An investigation of corporate leadership succession planning and implementation : the Malaysian experience : a thesis submitted to the University in fulfilment of the requirements for the degree of Doctor of Philosophy in Management, Massey University
Leadership succession, and especially that of the CEO, has attracted considerable interest amongst management and social researchers. Most of the research has been conducted in Western organisations and from specific vantage points such as understanding the financial impact of CEO succession and successor origins. However, there is currently little research on the actual process of leadership succession, and especially so in the Malaysian context.
This research uses qualitative research methods to investigate leadership succession (which in this thesis means both CEO and upper-echelon managerial succession) in Malaysian organisations. The research reveals that most Malaysian companies are not engaged in leadership succession planning and implementation and the few that have such processes report low success rates. The research shows that leadership succession planning and implementation is in its infancy among Malaysian companies. Where upper-echelon manager succession is concerned, companies commonly practise leadership replacement rather than succession.

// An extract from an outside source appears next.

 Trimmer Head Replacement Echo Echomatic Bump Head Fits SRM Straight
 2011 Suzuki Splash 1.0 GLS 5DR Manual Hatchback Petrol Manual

However, with family-controlled publicly listed companies – and such companies constitute the majority of publicly listed companies in Malaysia and in most of Asia – dynastic succession is the predominant form of CEO succession and the CEO’s position is the preserve of members of the founding family.
In investigating the factors that either enhance or inhibit leadership succession processes, a form of inhibitor that this thesis calls organisationally generated entrenchment was identified.
Organisationally generated entrenchment appears to be common in Malaysian companies and has the effect of stifling smooth leadership succession.
This research also shows that leadership succession processes are greatly influenced by cultural factors and that leadership succession models must take into account cultural effects.
This thesis offers the Succession Development Pathway model as a means of facilitating leadership succession in organisations in Malaysia.